** What you will do **
Among the lines below, the one containing "((masterpiece)), (best quality), (detailed),(hires), (shining" opens the range and the one containing "Sterling Silver Hope W/Pink Cz Disc Charm" closes it. Print that range exactly, without the pictures.

** Data to process **
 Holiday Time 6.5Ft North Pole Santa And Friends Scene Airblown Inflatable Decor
---
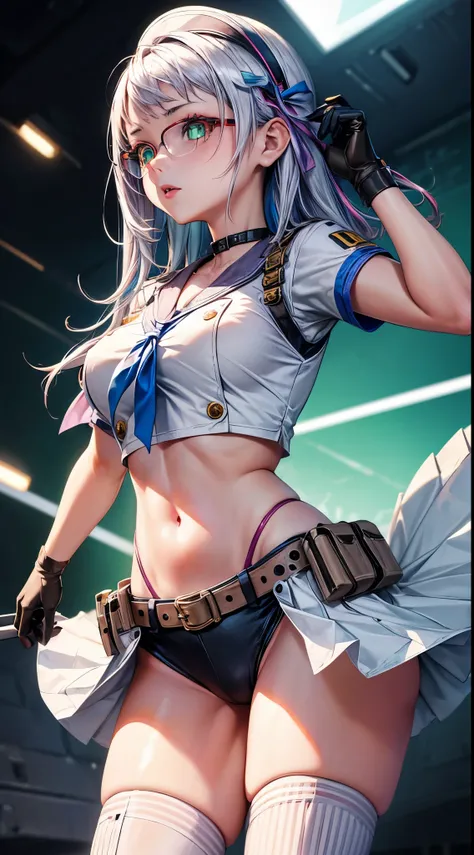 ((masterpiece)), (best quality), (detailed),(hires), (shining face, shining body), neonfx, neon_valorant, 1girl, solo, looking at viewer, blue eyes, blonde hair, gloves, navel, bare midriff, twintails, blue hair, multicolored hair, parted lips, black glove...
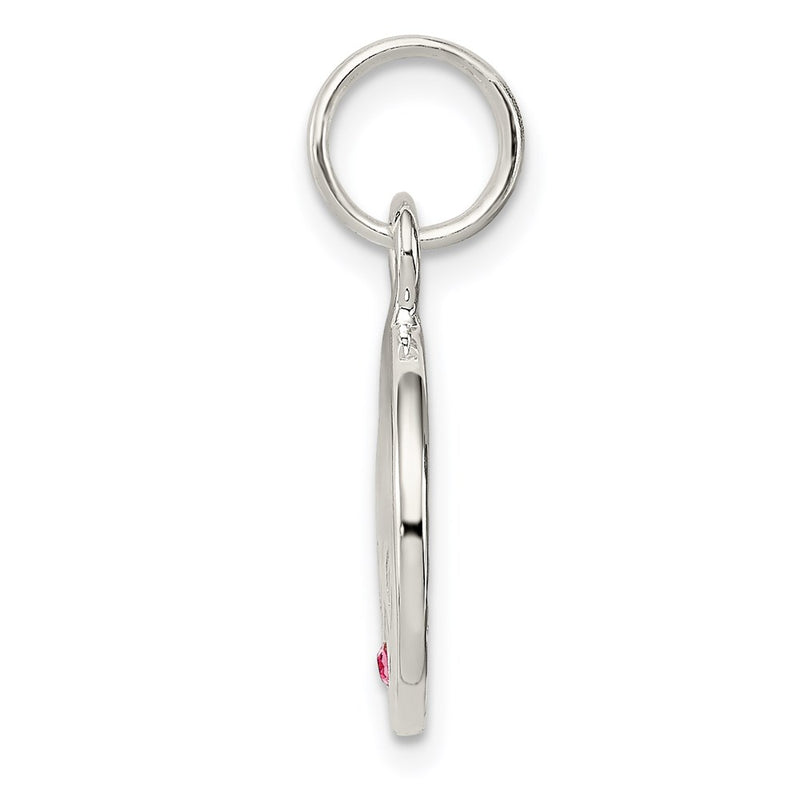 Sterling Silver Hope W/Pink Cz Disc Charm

** Solution for this task **
 ((masterpiece)), (best quality), (detailed),(hires), (shining face, shining body), neonfx, neon_valorant, 1girl, solo, looking at viewer, blue eyes, blonde hair, gloves, navel, bare midriff, twintails, blue hair, multicolored hair, parted lips, black glove...
 Sterling Silver Hope W/Pink Cz Disc Charm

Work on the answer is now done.